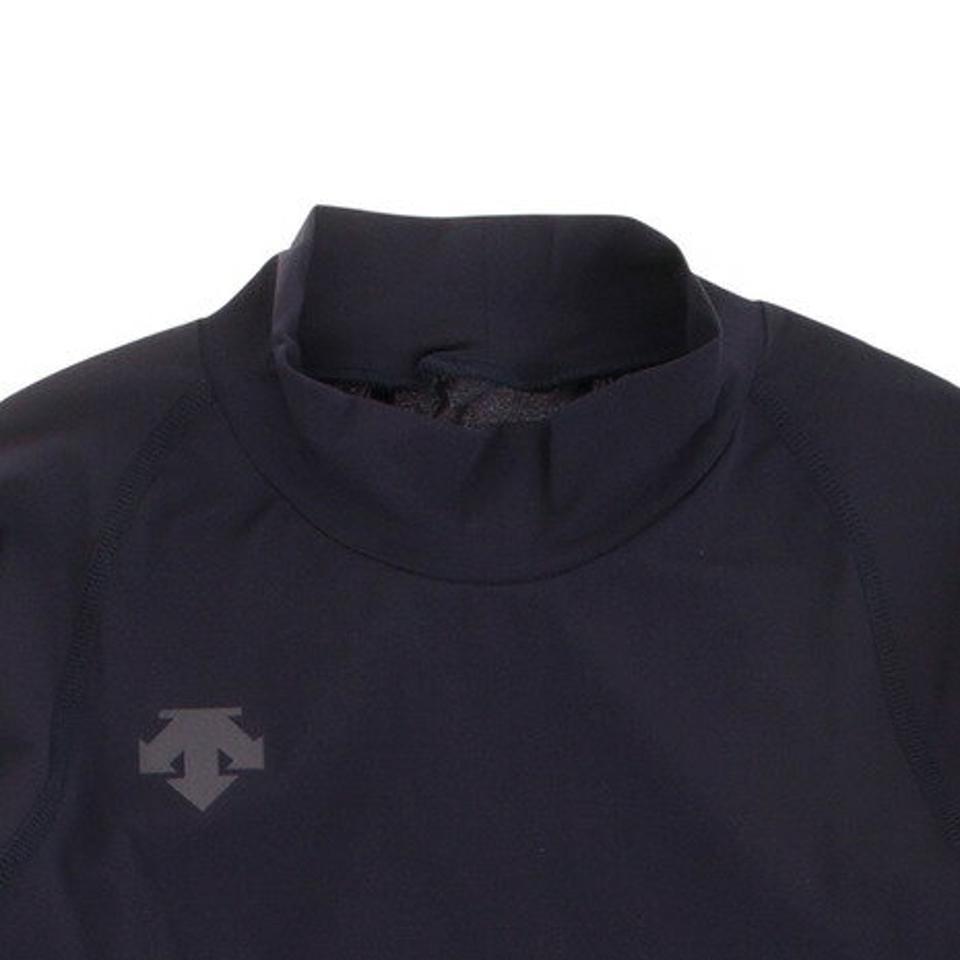 デサント（DESCENTE）（キッズ） 野球 アンダーシャツ ジュニア ハイネック 長袖 インナー シャツ JSTD-770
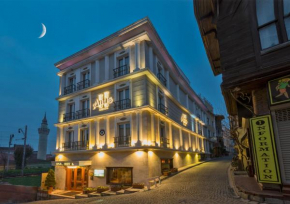 Гостиница Antis Hotel-Special Category  Стамбул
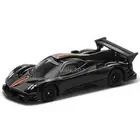 1:64 Scale Pagani Zonda Revolucion Model Toy Car Diecast Toy Vehicle Black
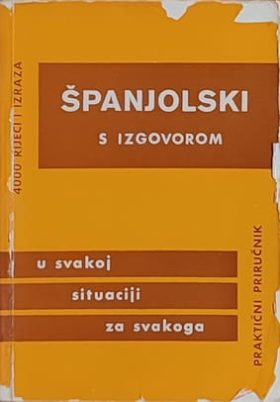 Španjolski s izgovorom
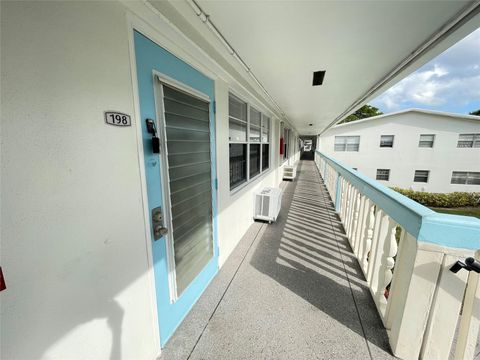 A home in Deerfield Beach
##########
**EXERCISE DIRECTIONS:** Leave out the pictures, and extract exactly the lines from the one with "Španjolski s izgovorom" through the end of the records, both ends included.

**TASK RESPONSE:**
 Španjolski s izgovorom
 A home in Deerfield Beach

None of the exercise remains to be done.